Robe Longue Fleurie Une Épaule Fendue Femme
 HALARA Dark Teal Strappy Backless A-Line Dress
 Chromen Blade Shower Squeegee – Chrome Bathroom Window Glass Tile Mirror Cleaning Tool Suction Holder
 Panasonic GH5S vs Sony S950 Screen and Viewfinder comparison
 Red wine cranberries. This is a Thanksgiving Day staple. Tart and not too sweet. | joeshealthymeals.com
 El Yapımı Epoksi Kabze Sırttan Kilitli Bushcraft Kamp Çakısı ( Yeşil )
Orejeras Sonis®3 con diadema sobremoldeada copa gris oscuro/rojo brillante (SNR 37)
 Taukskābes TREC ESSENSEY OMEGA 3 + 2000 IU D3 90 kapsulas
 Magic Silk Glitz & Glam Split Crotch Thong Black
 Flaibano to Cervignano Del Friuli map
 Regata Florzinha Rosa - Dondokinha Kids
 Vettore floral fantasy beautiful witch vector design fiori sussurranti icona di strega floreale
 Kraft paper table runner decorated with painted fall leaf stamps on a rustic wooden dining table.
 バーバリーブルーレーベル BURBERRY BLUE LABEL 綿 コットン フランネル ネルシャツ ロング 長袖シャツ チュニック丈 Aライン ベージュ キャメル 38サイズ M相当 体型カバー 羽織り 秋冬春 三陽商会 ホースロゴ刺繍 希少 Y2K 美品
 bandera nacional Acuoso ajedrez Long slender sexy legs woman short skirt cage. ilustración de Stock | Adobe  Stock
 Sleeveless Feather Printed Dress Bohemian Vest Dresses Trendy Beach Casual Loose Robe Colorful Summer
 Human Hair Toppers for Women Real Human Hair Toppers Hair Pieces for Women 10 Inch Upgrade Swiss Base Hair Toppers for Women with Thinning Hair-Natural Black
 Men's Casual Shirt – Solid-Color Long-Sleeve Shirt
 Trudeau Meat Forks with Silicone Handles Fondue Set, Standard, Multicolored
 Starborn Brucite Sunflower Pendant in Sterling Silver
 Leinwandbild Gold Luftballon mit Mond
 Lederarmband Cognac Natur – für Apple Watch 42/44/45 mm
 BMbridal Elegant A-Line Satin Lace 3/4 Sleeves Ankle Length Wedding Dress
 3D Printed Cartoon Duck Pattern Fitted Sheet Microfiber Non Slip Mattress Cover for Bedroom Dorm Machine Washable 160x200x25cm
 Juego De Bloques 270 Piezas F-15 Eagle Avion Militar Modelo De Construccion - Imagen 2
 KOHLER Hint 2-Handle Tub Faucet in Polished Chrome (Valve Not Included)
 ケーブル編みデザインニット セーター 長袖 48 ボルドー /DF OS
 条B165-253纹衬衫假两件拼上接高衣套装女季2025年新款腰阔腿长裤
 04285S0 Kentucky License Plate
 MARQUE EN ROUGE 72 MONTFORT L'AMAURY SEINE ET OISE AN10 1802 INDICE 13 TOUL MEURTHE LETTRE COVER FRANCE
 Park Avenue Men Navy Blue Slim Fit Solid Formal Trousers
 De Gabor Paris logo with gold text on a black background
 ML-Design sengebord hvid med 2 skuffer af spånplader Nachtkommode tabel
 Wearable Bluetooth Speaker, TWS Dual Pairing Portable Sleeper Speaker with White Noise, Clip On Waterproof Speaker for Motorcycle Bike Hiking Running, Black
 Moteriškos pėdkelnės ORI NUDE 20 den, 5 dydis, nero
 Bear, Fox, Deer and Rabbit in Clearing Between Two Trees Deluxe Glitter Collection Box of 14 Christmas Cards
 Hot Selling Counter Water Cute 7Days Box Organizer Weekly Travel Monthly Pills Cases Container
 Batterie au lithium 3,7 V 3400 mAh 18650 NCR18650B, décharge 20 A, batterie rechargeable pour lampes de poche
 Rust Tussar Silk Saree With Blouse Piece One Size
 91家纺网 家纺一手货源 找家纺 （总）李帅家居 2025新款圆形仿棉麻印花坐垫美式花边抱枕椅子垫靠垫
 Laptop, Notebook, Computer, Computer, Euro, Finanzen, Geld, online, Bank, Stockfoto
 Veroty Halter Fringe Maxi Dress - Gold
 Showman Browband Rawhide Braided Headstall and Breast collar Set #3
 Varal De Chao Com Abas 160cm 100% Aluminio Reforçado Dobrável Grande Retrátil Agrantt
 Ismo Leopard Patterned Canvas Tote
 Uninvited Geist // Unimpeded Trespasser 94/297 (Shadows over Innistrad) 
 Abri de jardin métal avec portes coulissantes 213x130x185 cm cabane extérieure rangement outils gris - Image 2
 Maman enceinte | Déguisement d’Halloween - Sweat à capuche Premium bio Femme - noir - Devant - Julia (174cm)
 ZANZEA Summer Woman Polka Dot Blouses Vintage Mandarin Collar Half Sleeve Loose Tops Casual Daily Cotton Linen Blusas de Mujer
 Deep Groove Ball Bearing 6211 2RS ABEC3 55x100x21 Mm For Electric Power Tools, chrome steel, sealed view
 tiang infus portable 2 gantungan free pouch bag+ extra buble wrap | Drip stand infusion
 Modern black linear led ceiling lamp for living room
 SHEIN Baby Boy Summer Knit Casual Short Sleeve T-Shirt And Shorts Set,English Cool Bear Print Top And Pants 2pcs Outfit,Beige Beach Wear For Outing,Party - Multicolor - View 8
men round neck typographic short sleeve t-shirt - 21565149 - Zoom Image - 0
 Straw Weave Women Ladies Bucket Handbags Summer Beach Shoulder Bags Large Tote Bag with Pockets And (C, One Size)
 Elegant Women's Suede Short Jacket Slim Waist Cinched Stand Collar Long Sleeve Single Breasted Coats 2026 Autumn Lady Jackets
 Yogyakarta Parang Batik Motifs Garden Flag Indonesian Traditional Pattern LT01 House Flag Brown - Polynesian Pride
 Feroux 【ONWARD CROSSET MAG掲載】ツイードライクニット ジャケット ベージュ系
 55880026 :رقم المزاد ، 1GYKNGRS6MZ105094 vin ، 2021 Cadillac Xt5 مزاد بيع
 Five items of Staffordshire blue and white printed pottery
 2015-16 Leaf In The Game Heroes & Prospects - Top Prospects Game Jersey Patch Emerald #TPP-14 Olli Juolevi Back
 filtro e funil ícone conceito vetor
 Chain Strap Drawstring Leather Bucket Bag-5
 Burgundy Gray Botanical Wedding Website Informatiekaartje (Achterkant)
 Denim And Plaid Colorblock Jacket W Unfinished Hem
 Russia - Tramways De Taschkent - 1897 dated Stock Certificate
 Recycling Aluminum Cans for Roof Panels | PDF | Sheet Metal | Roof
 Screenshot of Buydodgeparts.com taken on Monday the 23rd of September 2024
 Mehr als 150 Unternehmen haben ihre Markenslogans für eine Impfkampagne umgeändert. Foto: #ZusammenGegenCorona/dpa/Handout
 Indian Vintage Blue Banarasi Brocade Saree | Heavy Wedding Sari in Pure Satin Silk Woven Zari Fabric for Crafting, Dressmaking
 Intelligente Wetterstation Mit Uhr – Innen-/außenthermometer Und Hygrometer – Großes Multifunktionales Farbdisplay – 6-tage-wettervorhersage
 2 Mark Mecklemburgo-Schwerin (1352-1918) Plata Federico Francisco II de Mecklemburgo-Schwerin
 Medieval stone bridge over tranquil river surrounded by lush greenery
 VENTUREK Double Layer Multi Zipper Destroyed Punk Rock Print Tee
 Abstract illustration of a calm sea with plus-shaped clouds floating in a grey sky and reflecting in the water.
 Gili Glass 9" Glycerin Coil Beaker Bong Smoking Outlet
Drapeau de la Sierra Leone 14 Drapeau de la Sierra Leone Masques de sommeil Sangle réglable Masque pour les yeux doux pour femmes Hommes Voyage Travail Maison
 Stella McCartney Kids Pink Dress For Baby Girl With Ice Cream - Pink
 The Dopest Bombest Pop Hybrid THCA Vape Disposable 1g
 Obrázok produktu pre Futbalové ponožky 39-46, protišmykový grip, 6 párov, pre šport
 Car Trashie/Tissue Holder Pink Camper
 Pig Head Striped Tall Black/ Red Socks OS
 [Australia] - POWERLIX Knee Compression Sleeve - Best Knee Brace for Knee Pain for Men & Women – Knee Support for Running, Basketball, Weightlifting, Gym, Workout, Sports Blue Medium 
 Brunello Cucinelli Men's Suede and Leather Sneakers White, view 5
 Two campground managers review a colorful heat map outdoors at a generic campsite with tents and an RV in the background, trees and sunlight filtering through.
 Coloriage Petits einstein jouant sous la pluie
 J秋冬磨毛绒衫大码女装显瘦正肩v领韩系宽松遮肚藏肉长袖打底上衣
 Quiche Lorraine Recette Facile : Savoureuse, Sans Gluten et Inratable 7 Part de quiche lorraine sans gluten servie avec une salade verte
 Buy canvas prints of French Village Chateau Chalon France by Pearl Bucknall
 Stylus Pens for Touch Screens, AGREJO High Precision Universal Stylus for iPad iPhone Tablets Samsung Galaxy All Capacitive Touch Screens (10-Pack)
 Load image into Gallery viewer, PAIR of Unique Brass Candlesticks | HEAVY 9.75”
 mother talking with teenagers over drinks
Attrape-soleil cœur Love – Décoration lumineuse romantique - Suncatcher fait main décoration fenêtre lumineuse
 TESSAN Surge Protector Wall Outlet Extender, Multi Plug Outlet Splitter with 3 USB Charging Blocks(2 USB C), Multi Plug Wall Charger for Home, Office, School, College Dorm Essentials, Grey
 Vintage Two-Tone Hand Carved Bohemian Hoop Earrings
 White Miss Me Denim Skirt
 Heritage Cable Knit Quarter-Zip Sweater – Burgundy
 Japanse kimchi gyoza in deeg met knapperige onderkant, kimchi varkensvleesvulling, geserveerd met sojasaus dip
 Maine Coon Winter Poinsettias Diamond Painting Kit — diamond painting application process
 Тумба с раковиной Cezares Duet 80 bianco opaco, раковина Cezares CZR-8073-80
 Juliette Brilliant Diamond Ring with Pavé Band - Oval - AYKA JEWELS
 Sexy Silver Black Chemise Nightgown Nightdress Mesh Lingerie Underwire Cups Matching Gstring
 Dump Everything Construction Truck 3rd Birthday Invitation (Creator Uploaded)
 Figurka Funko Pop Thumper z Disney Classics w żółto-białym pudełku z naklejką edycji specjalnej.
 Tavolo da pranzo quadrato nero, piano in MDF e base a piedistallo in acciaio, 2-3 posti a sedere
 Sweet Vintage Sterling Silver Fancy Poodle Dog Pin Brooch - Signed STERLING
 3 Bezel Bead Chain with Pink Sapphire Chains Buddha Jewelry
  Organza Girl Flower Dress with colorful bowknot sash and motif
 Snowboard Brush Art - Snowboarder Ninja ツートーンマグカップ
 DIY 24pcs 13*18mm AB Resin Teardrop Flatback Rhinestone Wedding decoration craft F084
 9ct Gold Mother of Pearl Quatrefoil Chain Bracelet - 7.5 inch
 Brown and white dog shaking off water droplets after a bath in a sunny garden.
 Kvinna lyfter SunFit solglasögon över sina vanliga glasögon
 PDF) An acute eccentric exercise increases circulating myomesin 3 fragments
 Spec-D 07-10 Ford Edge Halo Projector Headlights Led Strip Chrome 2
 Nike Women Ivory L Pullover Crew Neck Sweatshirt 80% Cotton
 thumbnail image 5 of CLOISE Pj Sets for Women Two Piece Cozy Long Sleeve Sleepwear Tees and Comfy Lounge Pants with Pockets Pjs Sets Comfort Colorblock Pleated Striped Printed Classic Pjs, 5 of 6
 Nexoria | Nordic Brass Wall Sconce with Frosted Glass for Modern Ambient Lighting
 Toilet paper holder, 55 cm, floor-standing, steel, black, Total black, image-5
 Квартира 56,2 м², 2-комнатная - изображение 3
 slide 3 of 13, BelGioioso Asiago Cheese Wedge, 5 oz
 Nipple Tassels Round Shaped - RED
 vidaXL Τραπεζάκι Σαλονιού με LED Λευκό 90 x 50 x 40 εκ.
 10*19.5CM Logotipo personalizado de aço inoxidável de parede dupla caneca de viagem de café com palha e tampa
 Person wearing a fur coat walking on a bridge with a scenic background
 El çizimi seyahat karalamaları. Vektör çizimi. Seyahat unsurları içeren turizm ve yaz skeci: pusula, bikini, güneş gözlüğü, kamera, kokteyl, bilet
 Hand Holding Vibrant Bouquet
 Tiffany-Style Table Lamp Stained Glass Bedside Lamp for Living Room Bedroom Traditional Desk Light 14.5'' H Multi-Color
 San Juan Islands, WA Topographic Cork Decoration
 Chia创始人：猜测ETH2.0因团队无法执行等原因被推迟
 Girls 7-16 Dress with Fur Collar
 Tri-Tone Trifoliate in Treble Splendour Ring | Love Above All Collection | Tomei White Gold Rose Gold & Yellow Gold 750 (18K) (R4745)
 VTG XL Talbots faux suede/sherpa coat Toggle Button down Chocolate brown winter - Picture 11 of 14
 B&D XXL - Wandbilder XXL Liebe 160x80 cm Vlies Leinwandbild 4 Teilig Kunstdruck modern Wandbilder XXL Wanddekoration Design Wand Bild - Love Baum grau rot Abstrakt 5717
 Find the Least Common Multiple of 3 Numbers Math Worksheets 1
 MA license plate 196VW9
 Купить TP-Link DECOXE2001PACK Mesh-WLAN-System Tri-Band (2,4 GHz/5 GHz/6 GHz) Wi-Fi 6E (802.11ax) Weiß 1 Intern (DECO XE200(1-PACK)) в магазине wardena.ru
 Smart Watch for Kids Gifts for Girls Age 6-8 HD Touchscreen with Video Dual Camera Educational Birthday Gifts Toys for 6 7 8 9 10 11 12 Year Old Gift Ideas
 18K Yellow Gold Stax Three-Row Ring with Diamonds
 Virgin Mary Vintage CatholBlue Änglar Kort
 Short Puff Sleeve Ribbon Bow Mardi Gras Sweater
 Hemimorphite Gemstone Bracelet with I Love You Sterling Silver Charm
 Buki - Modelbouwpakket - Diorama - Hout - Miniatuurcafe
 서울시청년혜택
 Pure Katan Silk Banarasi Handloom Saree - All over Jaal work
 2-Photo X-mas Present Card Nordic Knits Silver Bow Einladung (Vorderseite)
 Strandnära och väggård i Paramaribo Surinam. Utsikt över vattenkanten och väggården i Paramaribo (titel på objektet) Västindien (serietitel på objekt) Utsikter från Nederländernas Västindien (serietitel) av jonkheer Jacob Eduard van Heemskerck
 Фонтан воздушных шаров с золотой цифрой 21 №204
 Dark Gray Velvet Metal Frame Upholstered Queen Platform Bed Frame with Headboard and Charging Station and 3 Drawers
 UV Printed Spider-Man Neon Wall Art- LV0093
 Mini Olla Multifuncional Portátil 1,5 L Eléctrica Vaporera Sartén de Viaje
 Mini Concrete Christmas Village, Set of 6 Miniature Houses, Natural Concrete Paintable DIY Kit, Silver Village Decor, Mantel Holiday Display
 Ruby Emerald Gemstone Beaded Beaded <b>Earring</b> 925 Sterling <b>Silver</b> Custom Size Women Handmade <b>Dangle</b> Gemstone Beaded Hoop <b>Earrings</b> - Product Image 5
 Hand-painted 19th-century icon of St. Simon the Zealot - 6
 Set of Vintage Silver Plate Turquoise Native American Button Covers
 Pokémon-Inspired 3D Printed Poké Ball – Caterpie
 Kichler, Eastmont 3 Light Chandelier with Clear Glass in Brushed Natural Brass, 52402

### Problem details
Gather up the lines containing the word "Pants" from these records and copy them.

### Written answer
 SHEIN Baby Boy Summer Knit Casual Short Sleeve T-Shirt And Shorts Set,English Cool Bear Print Top And Pants 2pcs Outfit,Beige Beach Wear For Outing,Party - Multicolor - View 8
 thumbnail image 5 of CLOISE Pj Sets for Women Two Piece Cozy Long Sleeve Sleepwear Tees and Comfy Lounge Pants with Pockets Pjs Sets Comfort Colorblock Pleated Striped Printed Classic Pjs, 5 of 6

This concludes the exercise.